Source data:

# # # #

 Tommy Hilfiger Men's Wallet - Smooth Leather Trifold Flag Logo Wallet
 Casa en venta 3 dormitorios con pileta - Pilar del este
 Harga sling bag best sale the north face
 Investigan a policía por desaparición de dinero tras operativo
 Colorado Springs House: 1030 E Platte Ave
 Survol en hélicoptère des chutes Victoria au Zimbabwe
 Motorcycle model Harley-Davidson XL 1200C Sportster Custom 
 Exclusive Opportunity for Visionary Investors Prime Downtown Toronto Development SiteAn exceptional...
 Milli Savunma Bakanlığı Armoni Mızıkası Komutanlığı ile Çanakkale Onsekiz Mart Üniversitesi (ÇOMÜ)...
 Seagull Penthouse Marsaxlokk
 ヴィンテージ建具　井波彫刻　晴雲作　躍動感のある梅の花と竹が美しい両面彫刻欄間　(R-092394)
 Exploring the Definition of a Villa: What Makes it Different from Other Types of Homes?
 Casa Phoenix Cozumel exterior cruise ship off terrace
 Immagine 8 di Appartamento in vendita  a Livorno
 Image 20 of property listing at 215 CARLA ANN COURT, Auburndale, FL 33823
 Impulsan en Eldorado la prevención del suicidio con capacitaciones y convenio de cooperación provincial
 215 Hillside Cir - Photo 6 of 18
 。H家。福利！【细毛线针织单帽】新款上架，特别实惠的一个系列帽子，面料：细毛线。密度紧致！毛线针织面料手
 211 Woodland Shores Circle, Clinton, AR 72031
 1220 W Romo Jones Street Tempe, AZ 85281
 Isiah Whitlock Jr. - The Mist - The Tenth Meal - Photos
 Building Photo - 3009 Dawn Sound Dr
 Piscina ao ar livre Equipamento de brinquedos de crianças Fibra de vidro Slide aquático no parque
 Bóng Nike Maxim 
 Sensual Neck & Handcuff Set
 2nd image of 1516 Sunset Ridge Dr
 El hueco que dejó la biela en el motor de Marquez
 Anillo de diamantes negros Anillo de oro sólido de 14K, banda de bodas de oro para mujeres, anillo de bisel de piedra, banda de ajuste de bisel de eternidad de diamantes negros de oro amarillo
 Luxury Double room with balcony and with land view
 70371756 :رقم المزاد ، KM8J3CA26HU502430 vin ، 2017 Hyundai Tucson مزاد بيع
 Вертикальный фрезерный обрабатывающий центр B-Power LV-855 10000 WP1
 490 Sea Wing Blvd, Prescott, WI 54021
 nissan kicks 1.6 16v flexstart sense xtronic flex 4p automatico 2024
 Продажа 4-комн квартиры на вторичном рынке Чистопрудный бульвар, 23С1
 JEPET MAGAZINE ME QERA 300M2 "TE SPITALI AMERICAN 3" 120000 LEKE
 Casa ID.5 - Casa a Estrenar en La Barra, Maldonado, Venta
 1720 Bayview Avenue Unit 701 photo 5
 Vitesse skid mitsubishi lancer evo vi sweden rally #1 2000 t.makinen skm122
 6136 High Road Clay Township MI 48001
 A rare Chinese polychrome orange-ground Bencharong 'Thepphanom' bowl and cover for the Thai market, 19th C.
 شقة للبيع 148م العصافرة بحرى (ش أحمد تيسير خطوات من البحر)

# # # #

TASK TO CARRY OUT |
Find the line that contains "1220 W Romo Jones Street Tempe, AZ 85281". Restate it and all lines after it exactly, ending with the final line of the data.

TASK RESPONSE |
 1220 W Romo Jones Street Tempe, AZ 85281
 Isiah Whitlock Jr. - The Mist - The Tenth Meal - Photos
 Building Photo - 3009 Dawn Sound Dr
 Piscina ao ar livre Equipamento de brinquedos de crianças Fibra de vidro Slide aquático no parque
 Bóng Nike Maxim 
 Sensual Neck & Handcuff Set
 2nd image of 1516 Sunset Ridge Dr
 El hueco que dejó la biela en el motor de Marquez
 Anillo de diamantes negros Anillo de oro sólido de 14K, banda de bodas de oro para mujeres, anillo de bisel de piedra, banda de ajuste de bisel de eternidad de diamantes negros de oro amarillo
 Luxury Double room with balcony and with land view
 70371756 :رقم المزاد ، KM8J3CA26HU502430 vin ، 2017 Hyundai Tucson مزاد بيع
 Вертикальный фрезерный обрабатывающий центр B-Power LV-855 10000 WP1
 490 Sea Wing Blvd, Prescott, WI 54021
 nissan kicks 1.6 16v flexstart sense xtronic flex 4p automatico 2024
 Продажа 4-комн квартиры на вторичном рынке Чистопрудный бульвар, 23С1
 JEPET MAGAZINE ME QERA 300M2 "TE SPITALI AMERICAN 3" 120000 LEKE
 Casa ID.5 - Casa a Estrenar en La Barra, Maldonado, Venta
 1720 Bayview Avenue Unit 701 photo 5
 Vitesse skid mitsubishi lancer evo vi sweden rally #1 2000 t.makinen skm122
 6136 High Road Clay Township MI 48001
 A rare Chinese polychrome orange-ground Bencharong 'Thepphanom' bowl and cover for the Thai market, 19th C.
 شقة للبيع 148م العصافرة بحرى (ش أحمد تيسير خطوات من البحر)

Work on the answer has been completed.